Last January, I found a vintage table listed on Craig’s List for $200. It was just what I’d been looking for: ornate legs, hide-a-table extenders that slide in and out, and casters. The listing said it was in fair condition. One leg was missing a chunk and the veneer on the top was peeling and in terrible shape. But, it was sturdy.
I went to see it. Loved it. Made a deal to purchase it for $150, and then worried about spending too much for a peeling piece of junk. You know how that goes.
After experimenting with a few chairs, we decided the casters made the table too high. We removed them. Stephen squared up the legs, tightened screws and added a few more to make the leg support arch more stable.
I painted the legs Annie Sloan’s Paris Grey.
“Grey. Again?” My daughter asked.
“Yes, Eleanor. I want to marry the color grey.”
After researching for hours on how to apply veneer, where to buy veneer, and how much it would cost; I decided NOT to re-du the veneer. I found one lonely forum entry by a professional furniture restorer explaining how he uses hardener epoxy to re-build damaged molding on antique pieces. It seemed easy enough. And it finishes smooth and very hard. I used 3Ms all-purpose filler. I peeled away all the loose veneer I could, sanded and then applied the epoxy- like drywall compound -on the missing parts. Sand it smooth and repeat. Level and smooth. I’m not a perfectionist. I figured my kids would be slowly destroying the table for the next 10 years, so I wasn’t going to make myself crazy getting it perfect.
More Chalk Paint. More sanding. More compound epoxy. More sanding. More paint.

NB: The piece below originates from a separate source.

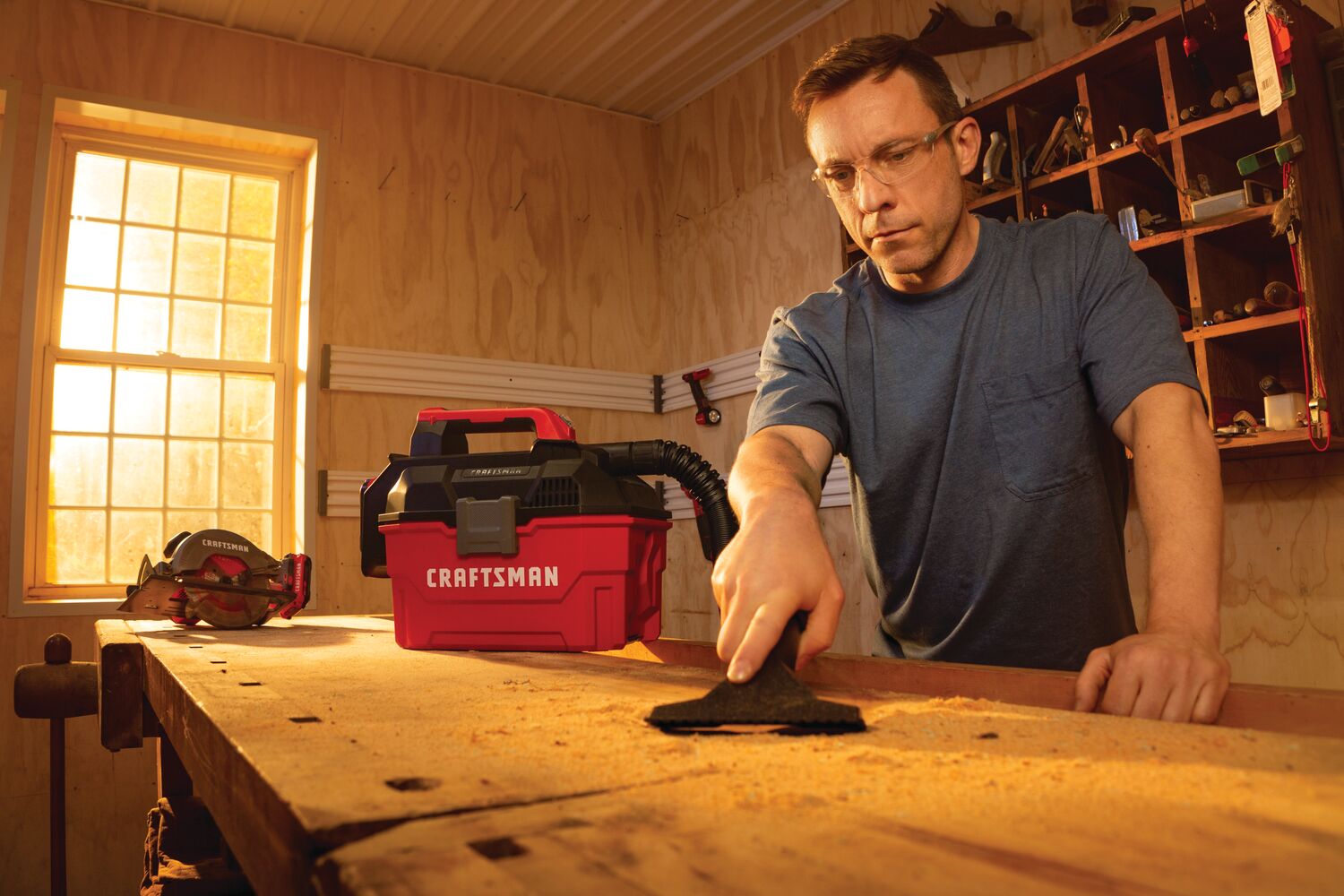 20 volt cordless 2 gallon wet dry vacuum being used by a person to clean wooden work station.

When I painted, the veneer sucked in the moisture, and started to pop up in places. I used a sharp syringe and watered-down wood glue to stab adhesive into the air bubbles. Then, I pressed it down with books and bench press weights overnight. That works, but it is a tedious process.
More sanding to shabby it up. Then paste wax and a good polish.
I can’t say enough good things about Annie Sloan’s Chalk Paint. It is a dream to work with. After applying wax, it hardens and shines beautifully.
After using the table for a few months, the veneer will still pop up in tiny places when I wipe it down or a it gets wet. Once it dries, it lays flat again. Having a painted table top was not my first choice, but I don’t hate it.
I love the way it looks, but its not the most comfortable to sit at. The scrollwork rubs our legs when we sit two to a side, and it stops the chair arms from tucking under. I’ll detail the chairs I re-did in a following post.
I still debate whether $150 (plus $100 for paint and epoxy) was a good deal for it. Hmmm. What do you think?